目につくのは為替相場に支えられ堅調な業績推移を辿ってきた輸出関連企業や原油価格の下落や中国経済の停滞、悪化を背景にしたそれに関わる中国市場依存型企業の業績下方修正です。
日本企業の業績は輸出依存型と内需型とに分かれますが目下のところは輸出依存型企業、とりわけ中国市場に依存してきた企業の業績悪化が見られます。
これはある意味当然のことで、ある程度分かっていましたので覚悟はできていたはずです。
問題はこうした状況がいつまで続くのか、それに対して明るい状況はあるのか、と言った議論が必要です。
起きている現象は過去の積み重ねで株価にもかなり織り込んできた筈なので、既に株価には反映されている可能性が高い。ただ、下落トレンドにある銘柄を選定し投資するのはかなりの勇気が必要で買いがおっかなびっくりで腰がすわっていないため何とも弱弱しい状況です。
誰しも底を言い当てることはできませんし、底値で買うことも不可能ですが、打診買い作戦は敢行できるかと思います。

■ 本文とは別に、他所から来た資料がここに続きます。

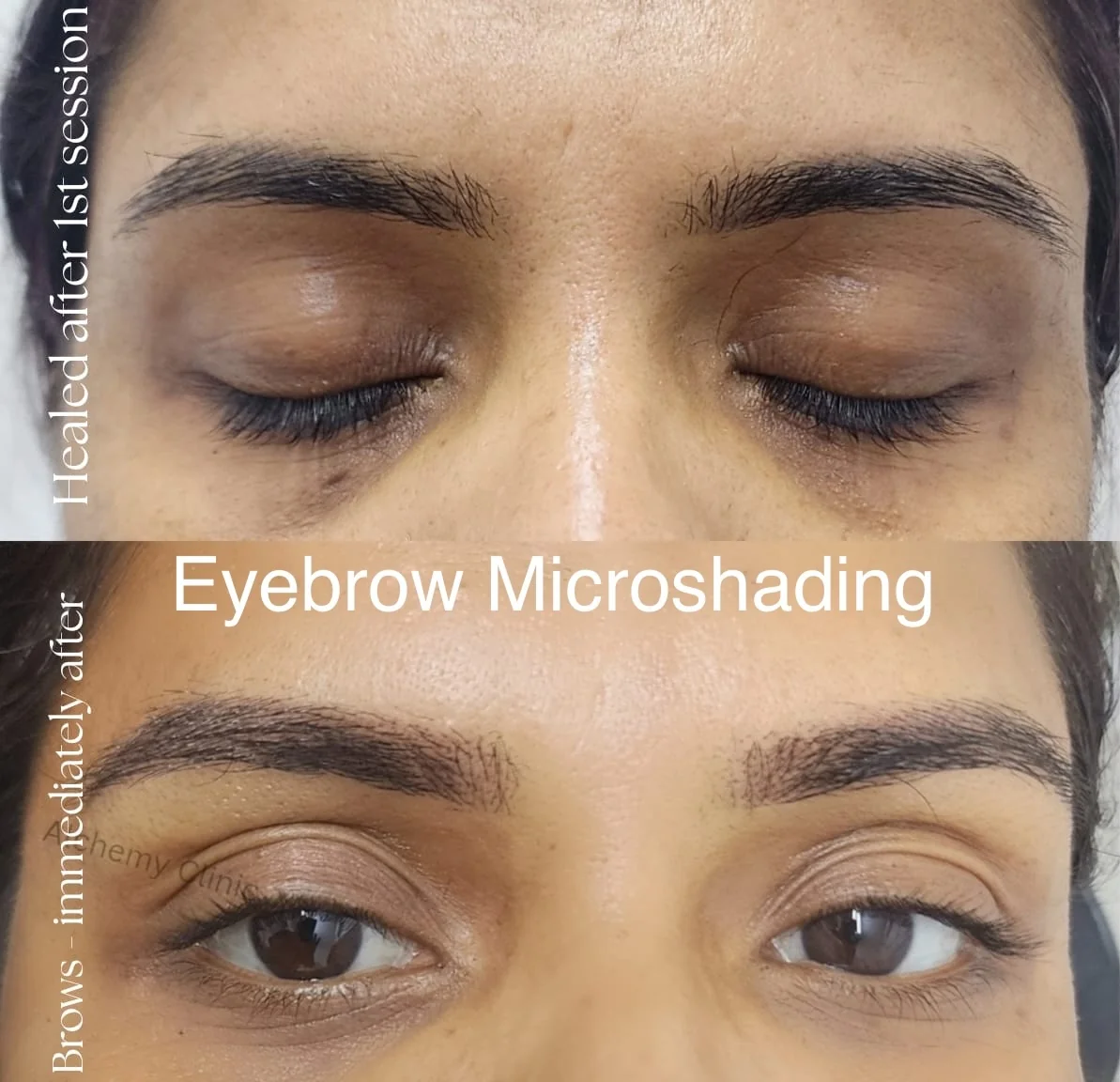 Eyebrow Microshading Alchemy Clinic Singasandra at Alchemy Clinic — Microblading, Bangalore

日本は世界のマクロ経済が不況にあえぐ中で、米国とともにまだ政策対応ができる国の一つではありますが、市場の先行きは実体を伴わないと見れば容赦ない評価を下し、リスクオフに走り出します。
原油価格に為替相場、米国の市場金利、上海株に香港株、NYダウに日本株、様々な要因がリンクした相場になってきましたので、インデックスの動向を語るのは、ある意味やりやすいのかも知れません。
日本株は日本独自のよもやのマイナス金利政策の発動で一旦はポジティブな評価で売り方の買戻しを誘いました。ただ、冷静に眺めると投資家に人気のある銀行株の下落につながりましたので、痛手を受けたものと推察されます。
銀行株には昨年上場したゆうちょ銀行も含まれます。
多くの個人投資家は銀行株を安定株としての評価からポートフォリオに入れているケースが多いと見られますが、日銀はマイナス金利で銀行に融資を促している状況で、この効果が今後内需企業にプラスに働く要素も考えられます。
また、キャッシュリッチな企業も黙って現預金を保有していると銀行ともども立ち行かない状態になる可能性もありますので、ここは投資を積極化していく必要があります。
有望事業を見出してそこに集中して投資をしていく膨大で地道な作業が求められますが、銀行の機能が発揮されないおかしな状況が見られるのが昨今の問題点です。
日本株が底値に達しているという意見とまだ下げトレンドが続くという意見に分かれているのかも知れませんが、投資家は既に現金ポジションを高め、下落に備えているものと見られますが、いかがでしょうか。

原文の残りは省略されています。